Task: From the material below, return exactly the lines starting at the one that holds "Tyler Pennells, 26, of" and ending at the one that holds "Writing in Vision". Pictures stay out of the answer.

Records provided:
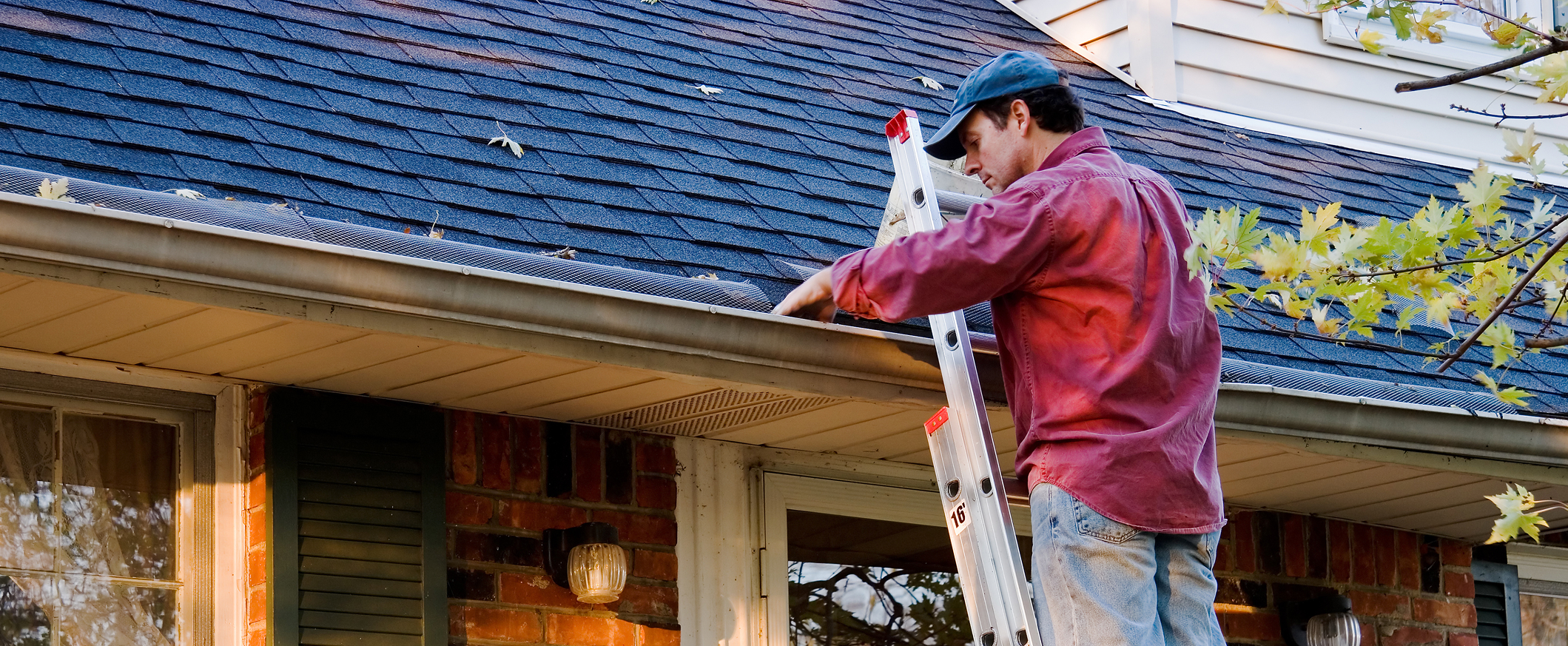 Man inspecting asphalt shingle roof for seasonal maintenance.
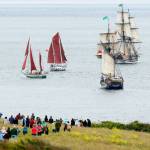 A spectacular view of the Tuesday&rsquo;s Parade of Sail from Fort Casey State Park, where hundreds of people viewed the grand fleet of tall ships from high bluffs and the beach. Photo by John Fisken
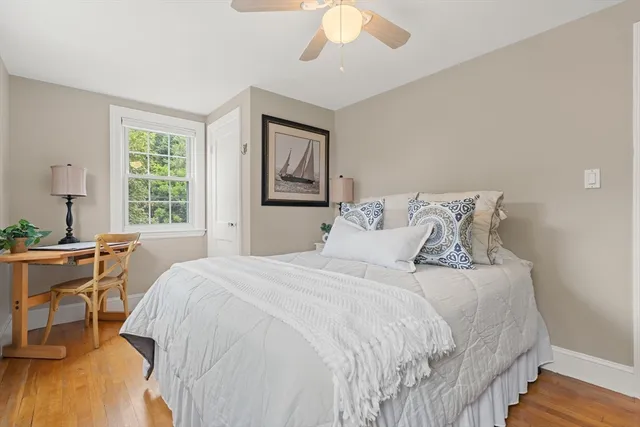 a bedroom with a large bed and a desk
---
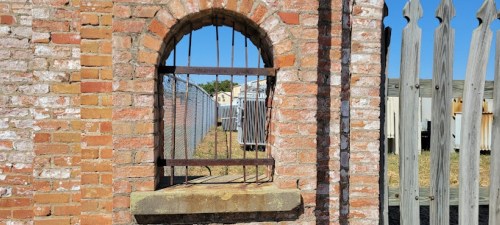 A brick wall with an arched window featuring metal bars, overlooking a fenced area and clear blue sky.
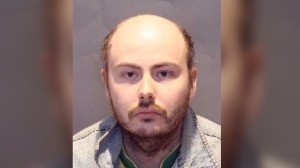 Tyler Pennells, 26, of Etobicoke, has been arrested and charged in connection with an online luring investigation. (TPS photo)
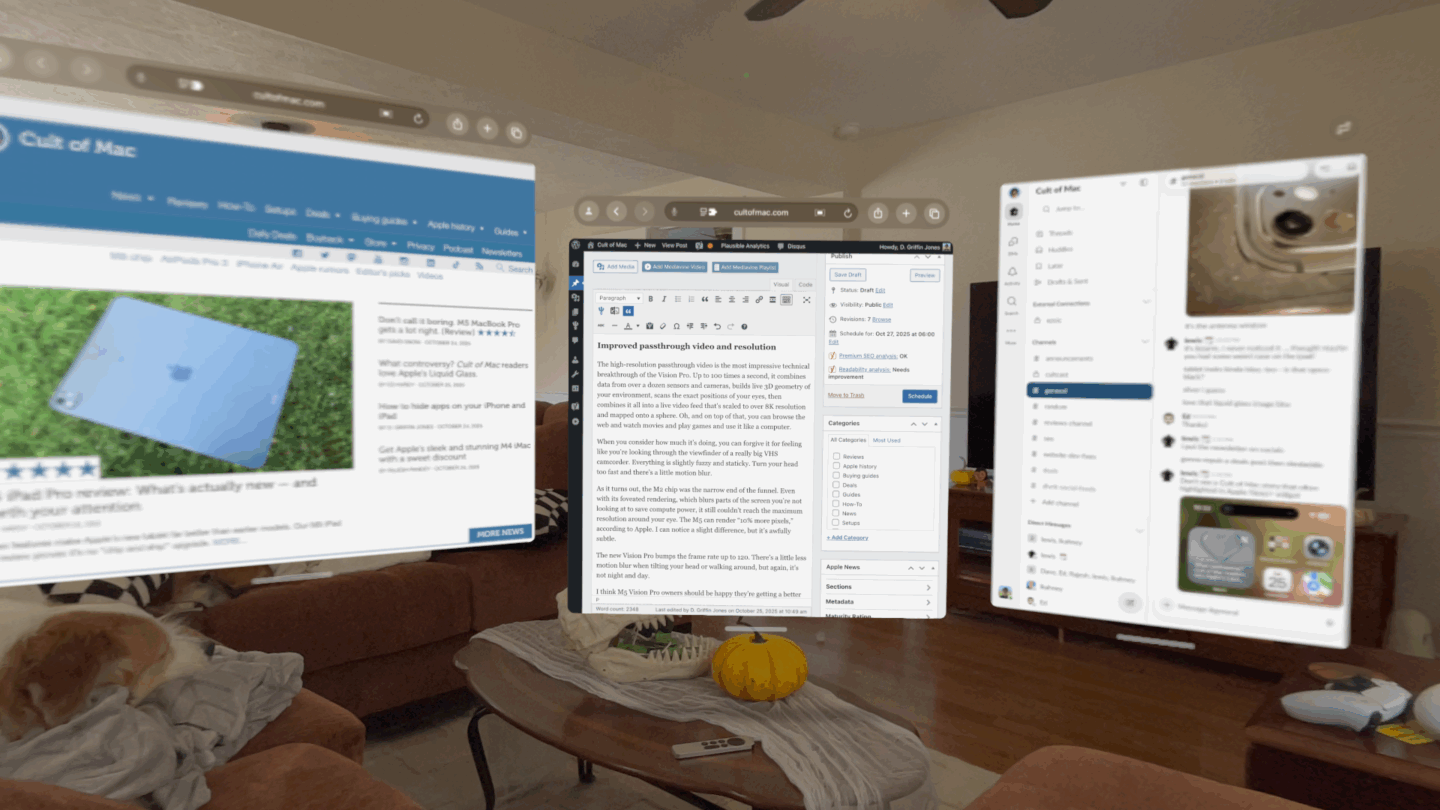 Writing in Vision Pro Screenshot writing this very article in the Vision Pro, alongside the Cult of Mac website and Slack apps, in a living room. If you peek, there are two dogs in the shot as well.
--
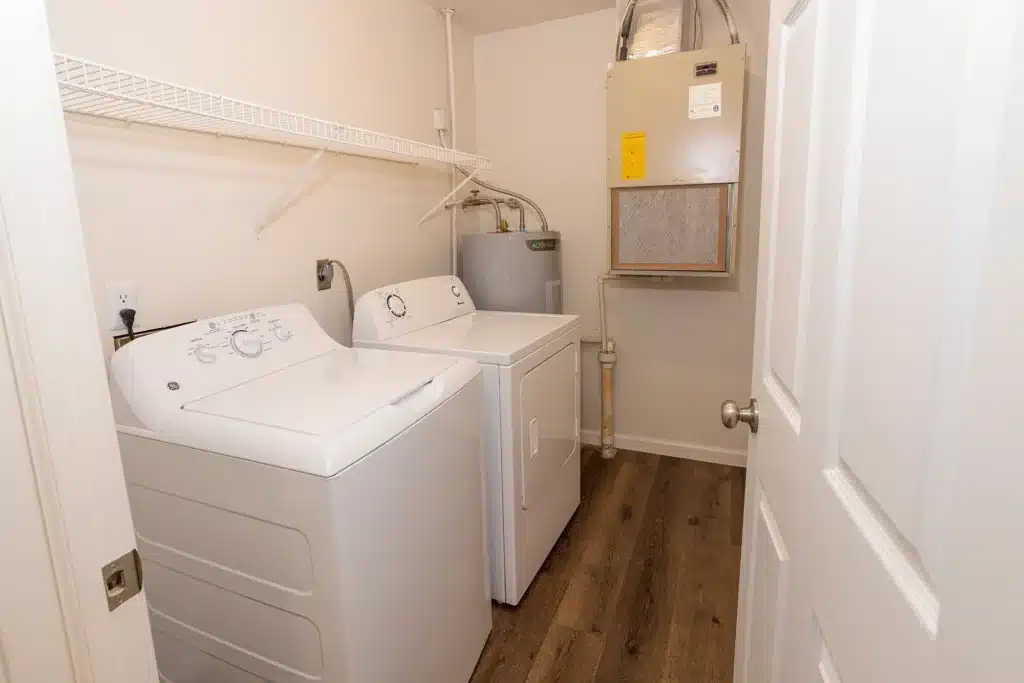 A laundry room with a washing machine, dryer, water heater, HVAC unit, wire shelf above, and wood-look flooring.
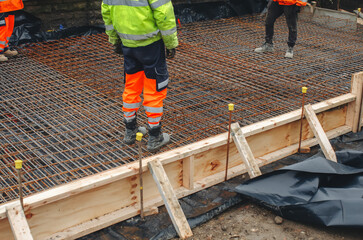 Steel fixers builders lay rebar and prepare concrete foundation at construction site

Exercise answer:
 Tyler Pennells, 26, of Etobicoke, has been arrested and charged in connection with an online luring investigation. (TPS photo)
 Writing in Vision Pro Screenshot writing this very article in the Vision Pro, alongside the Cult of Mac website and Slack apps, in a living room. If you peek, there are two dogs in the shot as well.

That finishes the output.